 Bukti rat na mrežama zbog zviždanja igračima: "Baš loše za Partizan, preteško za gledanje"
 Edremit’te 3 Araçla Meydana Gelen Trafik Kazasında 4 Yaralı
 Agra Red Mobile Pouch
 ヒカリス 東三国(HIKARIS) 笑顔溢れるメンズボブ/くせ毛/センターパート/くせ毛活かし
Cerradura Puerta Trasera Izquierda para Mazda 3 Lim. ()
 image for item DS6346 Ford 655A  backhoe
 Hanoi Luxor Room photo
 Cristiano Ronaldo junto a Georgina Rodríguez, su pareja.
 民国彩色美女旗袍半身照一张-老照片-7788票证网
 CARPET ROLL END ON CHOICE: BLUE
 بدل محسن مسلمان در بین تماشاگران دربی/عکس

━━━━━━━━━━━━━━━━

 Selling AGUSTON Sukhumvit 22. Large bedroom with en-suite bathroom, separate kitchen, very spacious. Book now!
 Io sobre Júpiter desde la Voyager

━━━━━━━━━━━━━━━━

Task statement: Your task is to retype the entries verbatim, starting with the line that holds "Bukti rat na" and stopping after the line that holds "بدل محسن مسلمان در بین تماشاگران دربی/عکس".

Solution to this problem:
 Bukti rat na mrežama zbog zviždanja igračima: "Baš loše za Partizan, preteško za gledanje"
 Edremit’te 3 Araçla Meydana Gelen Trafik Kazasında 4 Yaralı
 Agra Red Mobile Pouch
 ヒカリス 東三国(HIKARIS) 笑顔溢れるメンズボブ/くせ毛/センターパート/くせ毛活かし
Cerradura Puerta Trasera Izquierda para Mazda 3 Lim. ()
 image for item DS6346 Ford 655A  backhoe
 Hanoi Luxor Room photo
 Cristiano Ronaldo junto a Georgina Rodríguez, su pareja.
 民国彩色美女旗袍半身照一张-老照片-7788票证网
 CARPET ROLL END ON CHOICE: BLUE
 بدل محسن مسلمان در بین تماشاگران دربی/عکس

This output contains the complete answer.